═════ INFORMATION PROVIDED
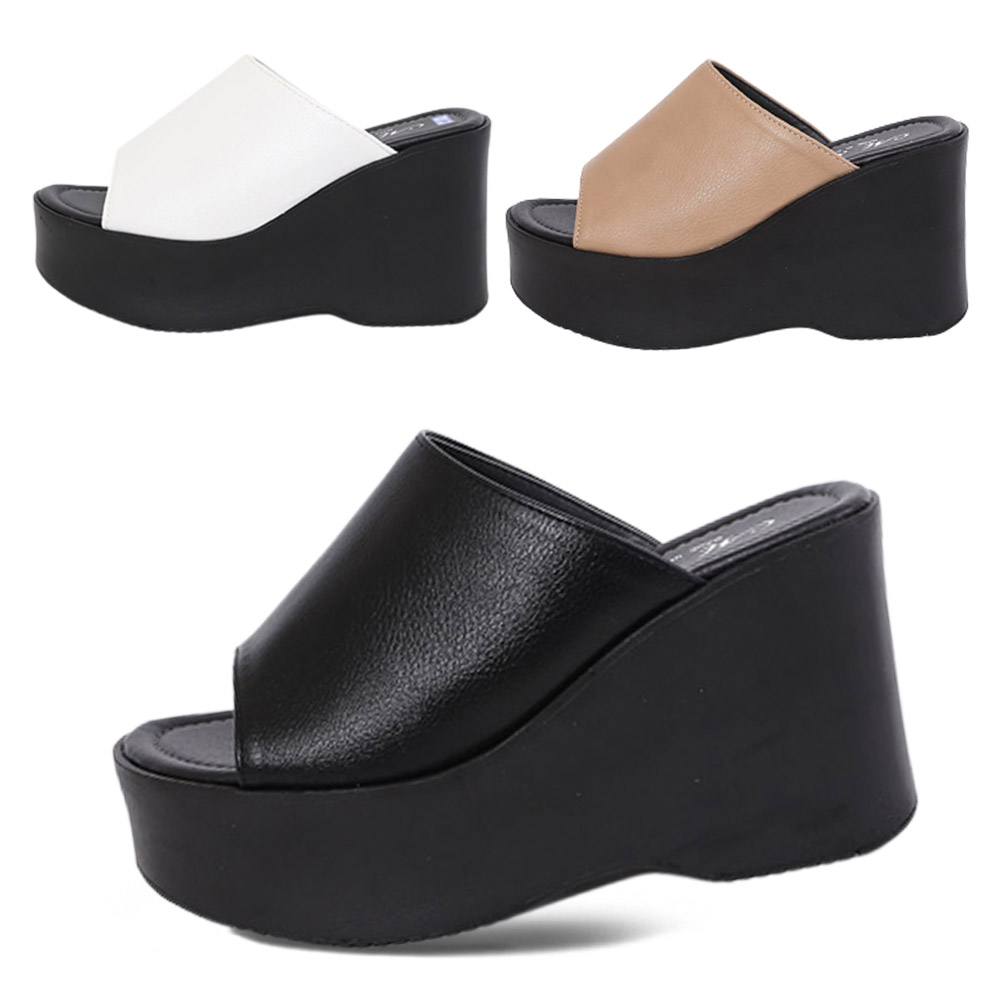 이피다빈 10CM 키높이 통굽 웨지힐 사무실 슬리퍼 실내화 27,800원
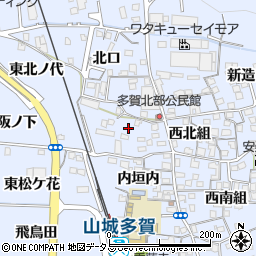京都府綴喜郡井手町多賀西北組24周辺の地図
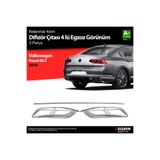 S Dizayn S-Dizayn VW Passat B8.5 Krom Egzoz Görünümü Difüzör 4'lü R Line 3 Parça 2019-2023 7619911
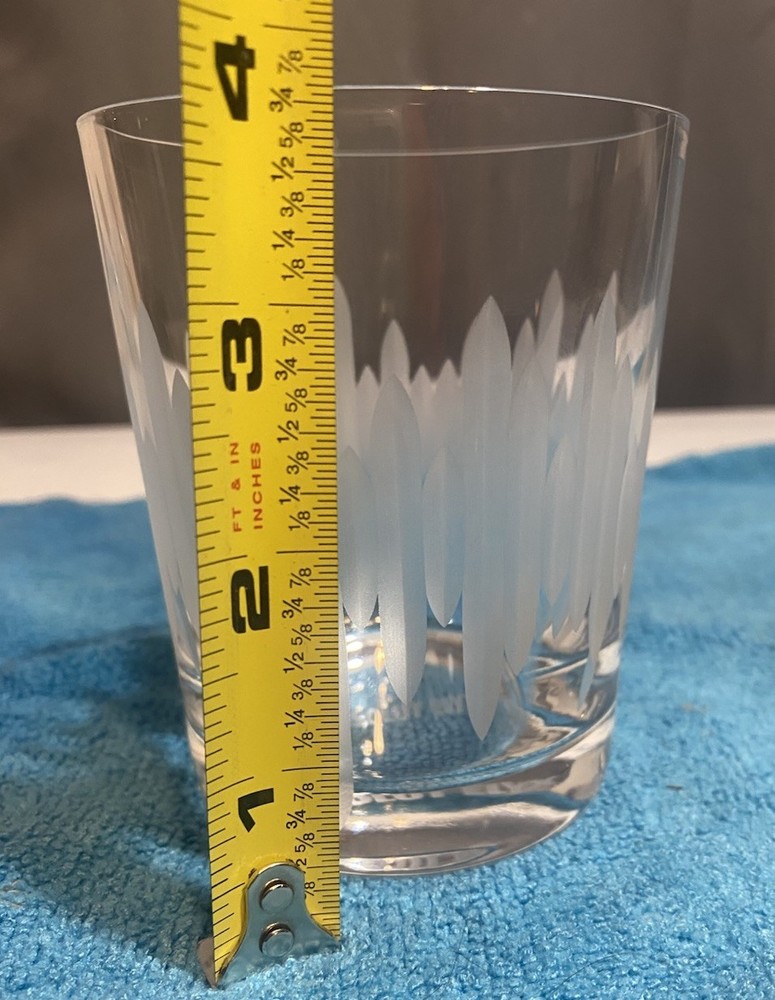 Replacement Absolut Elyx Whiskey, Glass ￼10oz 3.75”Tall, 3”D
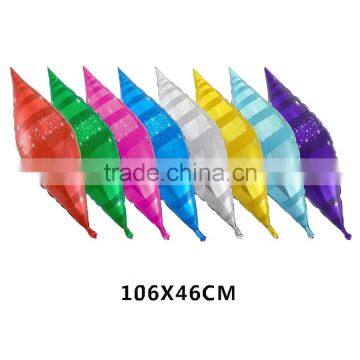 2016 new 106*46cm Metlic Plain Football Shape Aluminum Foil Hydrogen Balloon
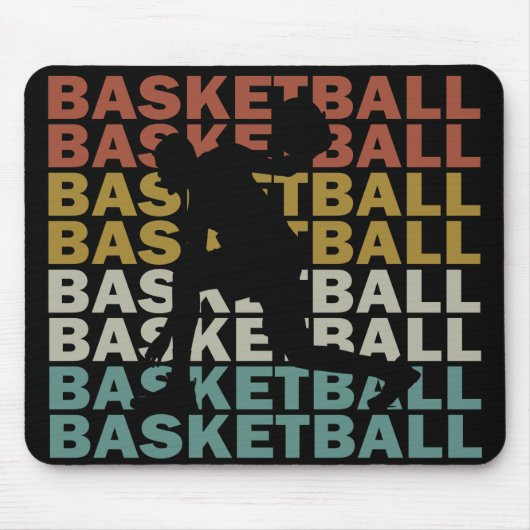 Vintager Basketball-Spieler Mousepad (Vorne)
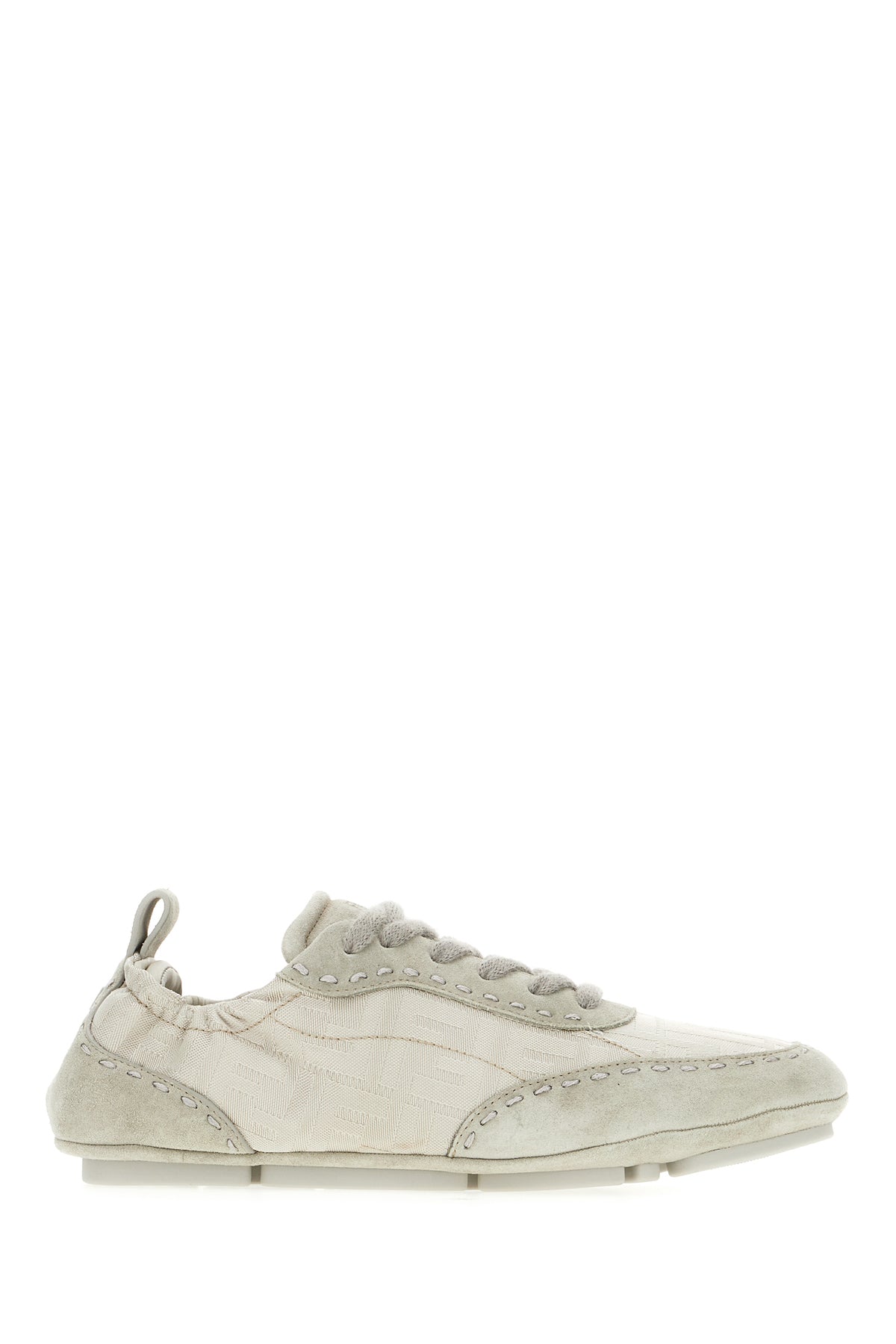 Fendi Sneakers Fit grigia in crosta e nylon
══════════
> _EXERCISE REQUIREMENTS_
Set down again, exactly, the lines from the one with "2016 new 106*46cm" to the last line of the data, both included and pictures excluded.

> _ANSWER TO THE PROBLEM_
 2016 new 106*46cm Metlic Plain Football Shape Aluminum Foil Hydrogen Balloon
 Vintager Basketball-Spieler Mousepad (Vorne)
 Fendi Sneakers Fit grigia in crosta e nylon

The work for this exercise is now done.